Resolve a path expression which may begin with a module reference of the form %module-name into an absolute path. Note that more modules are resolvable here than were necessarily registered with fluid.module.register — on startup, Infusion's node module will "pre-inspect" its filesystem path to the root in order to discover anything which plausibly looks like a module root — that is, it will recognise a package.json file which need not necessarily have a grandparent path of node_nodules. If the supplied path does not begin with such a module reference, it is returned unchanged.

  • path {String} A path expression to be resolved, perhaps containing symbolic module references such as %module-name
  • Returns: {String} The path expression with any symbolic module references resolved against the fluid.module.modules database

fluid.require(moduleName[, foreignRequire, namespace])

Issues node's require against a possibly symbolic path, and possibly also install the result at a particular global namespace path from the point of view of Infusion.

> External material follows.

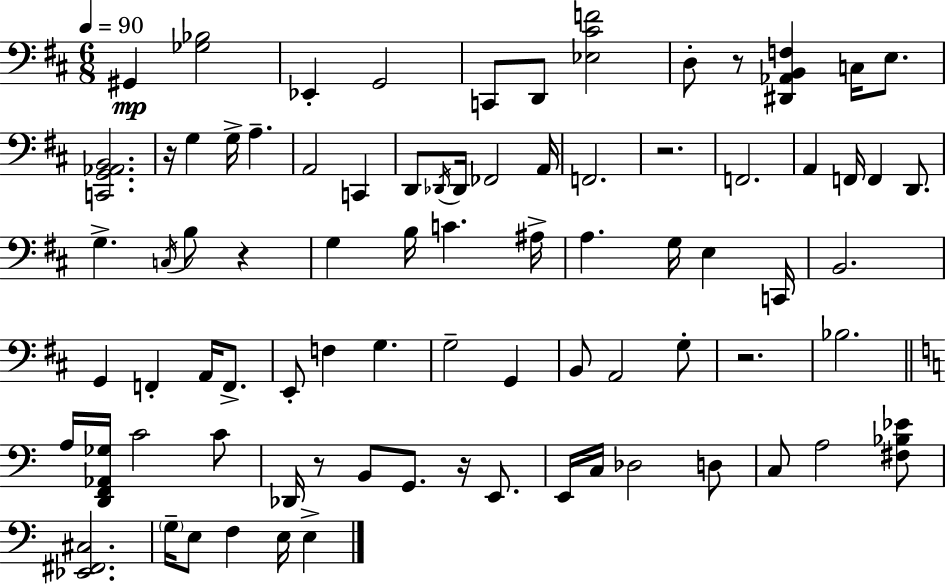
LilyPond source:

  • moduleName {String} A string to be supplied to node's require, possibly starting with a module reference of the form %module-name to indicate a base reference into an already loaded module that was previously registered using fluid.module.register.
  • foreignRequire {Require} The instance of require to be operated after the module name has been interpolated. If omitted, defaults to Infusion's own require (which may not be able to see everything you can, as a result of its different position in the module tree)
  • namespace {String} If this is supplied, the returned value from require will be written into Infusion's global namespace by using the fluid.setGlobalValue API.

fluid.module.modules

Holds for public inspection Infusion's records of modules as registered via fluid.module.register. This will be a hash of moduleName to records of the following form:

  • baseDir {String} the baseDir argument supplied to fluid.module.register for this module
  • require {Require} the moduleRequire argument supplied to fluid.module.register for this module

Global nature of Infusion and self-deduping

It is essential that just a single instance of Infusion's node module is present in an application's module tree. This is essential for Infusion because of its global nature — duplicate modules will result in some grade definitions being sent to one Infusion instance and some to another, resulting in "global chaos". Normally npm's standard deduplication algorithm is sufficient, but it can often fail in the case of version mismatches or else in the case the dependency is hosted from git. Infusion applies a special algorithm at the point one issues require("infusion") to hunt upwards through the current module tree for the copy of Infusion at the highest path, and return that one to the requestor, rather than the one resolved by the standard node module resolution algorithm.

Normally this is completely transparent to users and occurs automatically — however, in some cases users may be surprised by receiving a different version of Infusion than the one they expected — in practice, the one requested by the top-level module in whatever application they are nested in, rather than the one the requested via their own package.json.

This is an architectural risk that we are aware of — in that it requires that all the cooperating modules within an Infusion application are compatible with a single version of Infusion, the one requested at the application's module root. Future work on modularization of Infusion will address this risk by splitting Infusion into several smaller modules, only one of which (responsible for storing and retrieving grade definitions and module paths) requires to be application-global.